AMix-1: A Pathway to Test-Time Scalable Protein Foundation Model

Researchers introduce AMix-1, a 1.7-billion parameter protein foundation model that uses Bayesian Flow Networks to advance computational protein design and engineering. The model demonstrates predictable scaling laws, in-context learning capabilities, and test-time scaling algorithms that enable the design of protein variants with up to 50x improved activity, establishing a framework for lab-in-the-loop protein engineering.

AMix-1 represents a significant advancement in applying large-scale foundation models to biological challenges. The research demonstrates that protein design can benefit from systematic scaling approaches similar to those in large language models, with predictable performance improvements as model capacity increases. The integration of multiple sequence alignment-based in-context learning enables the model to recognize evolutionary patterns and generate functionally coherent proteins without task-specific fine-tuning.

This work builds on growing recognition that foundation models can capture domain-specific patterns across diverse applications beyond natural language. The use of test-time scaling through directed evolution algorithms is particularly noteworthy, showing that inference-time computation can substantially improve predictions when paired with verification budgets. This approach aligns with broader trends in AI where scaling computation at inference time delivers performance gains comparable to training larger models.

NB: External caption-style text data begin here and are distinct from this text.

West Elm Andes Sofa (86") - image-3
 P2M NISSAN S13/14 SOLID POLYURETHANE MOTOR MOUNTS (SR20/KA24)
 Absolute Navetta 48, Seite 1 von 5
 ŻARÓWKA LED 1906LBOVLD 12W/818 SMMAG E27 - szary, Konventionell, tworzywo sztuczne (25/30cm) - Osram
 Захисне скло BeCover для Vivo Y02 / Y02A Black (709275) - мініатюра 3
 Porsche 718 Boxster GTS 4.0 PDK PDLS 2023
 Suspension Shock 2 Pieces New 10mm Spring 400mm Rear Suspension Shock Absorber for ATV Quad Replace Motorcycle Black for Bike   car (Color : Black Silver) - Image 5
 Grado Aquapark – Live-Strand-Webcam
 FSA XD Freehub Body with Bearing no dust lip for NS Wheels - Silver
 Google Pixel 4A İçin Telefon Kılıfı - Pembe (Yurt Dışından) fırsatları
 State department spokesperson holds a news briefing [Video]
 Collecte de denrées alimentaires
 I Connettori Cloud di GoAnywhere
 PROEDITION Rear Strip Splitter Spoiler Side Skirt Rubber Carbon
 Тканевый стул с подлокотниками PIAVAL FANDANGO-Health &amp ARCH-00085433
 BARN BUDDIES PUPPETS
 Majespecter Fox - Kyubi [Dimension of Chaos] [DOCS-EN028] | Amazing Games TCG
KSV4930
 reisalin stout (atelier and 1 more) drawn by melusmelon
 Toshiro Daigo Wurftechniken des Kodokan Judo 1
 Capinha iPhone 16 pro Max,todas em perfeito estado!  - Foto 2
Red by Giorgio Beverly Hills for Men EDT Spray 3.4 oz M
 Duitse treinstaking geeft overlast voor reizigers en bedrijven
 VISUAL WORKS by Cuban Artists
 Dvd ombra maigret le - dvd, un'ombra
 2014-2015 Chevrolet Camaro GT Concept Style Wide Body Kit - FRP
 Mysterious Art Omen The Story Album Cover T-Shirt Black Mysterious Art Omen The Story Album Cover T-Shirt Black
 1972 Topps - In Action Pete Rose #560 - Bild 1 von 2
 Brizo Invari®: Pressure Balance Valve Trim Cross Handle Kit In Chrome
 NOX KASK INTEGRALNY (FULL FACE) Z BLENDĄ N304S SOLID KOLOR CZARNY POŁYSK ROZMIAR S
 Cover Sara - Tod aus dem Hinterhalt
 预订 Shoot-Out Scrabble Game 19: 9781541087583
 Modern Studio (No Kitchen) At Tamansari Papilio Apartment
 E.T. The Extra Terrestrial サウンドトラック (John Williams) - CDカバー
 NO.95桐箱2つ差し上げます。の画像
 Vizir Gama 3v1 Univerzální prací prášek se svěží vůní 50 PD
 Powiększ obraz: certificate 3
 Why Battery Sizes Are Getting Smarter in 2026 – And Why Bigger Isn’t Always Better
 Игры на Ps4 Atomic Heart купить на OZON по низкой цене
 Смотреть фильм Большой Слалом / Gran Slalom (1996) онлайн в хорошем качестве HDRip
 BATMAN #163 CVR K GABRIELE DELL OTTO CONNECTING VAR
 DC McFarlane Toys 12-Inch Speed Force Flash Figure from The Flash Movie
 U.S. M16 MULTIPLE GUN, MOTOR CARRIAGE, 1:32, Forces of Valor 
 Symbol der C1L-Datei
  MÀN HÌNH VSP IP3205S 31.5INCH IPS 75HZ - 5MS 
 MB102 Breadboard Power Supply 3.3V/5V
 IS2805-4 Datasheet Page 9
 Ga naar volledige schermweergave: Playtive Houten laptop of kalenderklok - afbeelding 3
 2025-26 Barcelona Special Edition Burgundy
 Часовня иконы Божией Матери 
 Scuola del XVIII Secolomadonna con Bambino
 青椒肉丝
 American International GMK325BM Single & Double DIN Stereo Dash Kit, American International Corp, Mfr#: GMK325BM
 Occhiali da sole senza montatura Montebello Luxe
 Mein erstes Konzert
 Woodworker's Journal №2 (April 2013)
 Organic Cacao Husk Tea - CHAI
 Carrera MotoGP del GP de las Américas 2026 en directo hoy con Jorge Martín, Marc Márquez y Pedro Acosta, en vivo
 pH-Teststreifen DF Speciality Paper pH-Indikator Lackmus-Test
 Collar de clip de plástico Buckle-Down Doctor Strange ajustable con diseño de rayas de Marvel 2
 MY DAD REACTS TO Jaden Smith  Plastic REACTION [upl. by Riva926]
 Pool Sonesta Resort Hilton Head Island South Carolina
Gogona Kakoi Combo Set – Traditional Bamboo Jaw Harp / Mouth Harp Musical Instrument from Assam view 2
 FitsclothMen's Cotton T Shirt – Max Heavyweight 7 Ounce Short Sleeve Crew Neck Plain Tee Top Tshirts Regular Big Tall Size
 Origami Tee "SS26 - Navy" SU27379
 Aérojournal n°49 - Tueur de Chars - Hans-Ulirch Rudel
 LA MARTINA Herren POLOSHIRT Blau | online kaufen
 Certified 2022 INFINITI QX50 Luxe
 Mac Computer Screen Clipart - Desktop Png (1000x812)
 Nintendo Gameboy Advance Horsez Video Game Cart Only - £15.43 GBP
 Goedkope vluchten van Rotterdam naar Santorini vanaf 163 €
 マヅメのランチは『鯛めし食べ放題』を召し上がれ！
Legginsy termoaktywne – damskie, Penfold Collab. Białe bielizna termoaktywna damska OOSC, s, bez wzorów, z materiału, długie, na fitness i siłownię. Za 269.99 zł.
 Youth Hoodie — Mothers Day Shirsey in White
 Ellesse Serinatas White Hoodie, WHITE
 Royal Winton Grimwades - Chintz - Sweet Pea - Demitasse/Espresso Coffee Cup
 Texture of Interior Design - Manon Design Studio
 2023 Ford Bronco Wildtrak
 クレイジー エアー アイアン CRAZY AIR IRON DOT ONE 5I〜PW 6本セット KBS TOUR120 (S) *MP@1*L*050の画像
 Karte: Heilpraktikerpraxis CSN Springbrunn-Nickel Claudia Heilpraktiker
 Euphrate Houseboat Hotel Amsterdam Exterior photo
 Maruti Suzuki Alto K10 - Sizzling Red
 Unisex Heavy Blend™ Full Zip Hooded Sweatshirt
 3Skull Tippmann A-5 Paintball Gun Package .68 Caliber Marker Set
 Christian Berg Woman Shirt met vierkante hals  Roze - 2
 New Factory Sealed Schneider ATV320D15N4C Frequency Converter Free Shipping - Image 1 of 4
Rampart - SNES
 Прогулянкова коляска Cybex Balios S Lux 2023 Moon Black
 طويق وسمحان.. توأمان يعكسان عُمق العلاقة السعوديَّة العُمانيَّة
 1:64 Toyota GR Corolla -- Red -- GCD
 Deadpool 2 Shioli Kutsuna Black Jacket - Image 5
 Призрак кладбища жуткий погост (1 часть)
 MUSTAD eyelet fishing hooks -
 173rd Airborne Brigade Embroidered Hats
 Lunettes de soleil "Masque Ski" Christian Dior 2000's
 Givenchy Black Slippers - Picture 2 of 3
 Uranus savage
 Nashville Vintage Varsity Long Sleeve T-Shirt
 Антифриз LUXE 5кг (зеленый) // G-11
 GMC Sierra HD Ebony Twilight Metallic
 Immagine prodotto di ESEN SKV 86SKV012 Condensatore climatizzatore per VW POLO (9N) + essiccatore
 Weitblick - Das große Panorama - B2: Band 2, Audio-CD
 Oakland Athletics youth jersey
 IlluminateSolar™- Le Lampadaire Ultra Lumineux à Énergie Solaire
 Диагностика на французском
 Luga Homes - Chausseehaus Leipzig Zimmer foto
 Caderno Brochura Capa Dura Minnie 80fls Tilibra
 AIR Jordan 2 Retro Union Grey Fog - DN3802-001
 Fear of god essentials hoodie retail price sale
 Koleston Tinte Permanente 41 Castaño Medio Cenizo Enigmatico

For the biotechnology and synthetic biology industries, AMix-1 offers practical value by reducing design cycles and computational costs for protein engineering. The demonstrated 50x activity improvement in the AmeR variant suggests the model can identify non-obvious optimizations that exceed traditional rational design approaches. This has implications for drug discovery, enzyme engineering, and industrial biotech applications where computational screening can accelerate development timelines.

The framework's emphasis on test-time scaling introduces interesting considerations around deployment costs and optimization strategies. Future work will likely explore how these approaches scale to larger models and whether similar principles apply to other biomolecular design challenges including RNA and small molecule optimization.

• →AMix-1 achieves predictable scaling laws for protein design, with a 1.7B parameter model demonstrating emergent structural understanding capabilities.
• →Multiple sequence alignment-based in-context learning unifies protein design without task-specific fine-tuning, recognizing deep evolutionary signals.
• →Demonstrated 50x activity improvement in AmeR protein variant validates practical applicability to real protein engineering challenges.
• →Test-time scaling algorithm enables iterative performance gains proportional to verification budgets, enabling lab-in-the-loop optimization.
• →Foundation model approach suggests broader applicability to biomolecular design beyond proteins, potentially transforming drug discovery and synthetic biology workflows.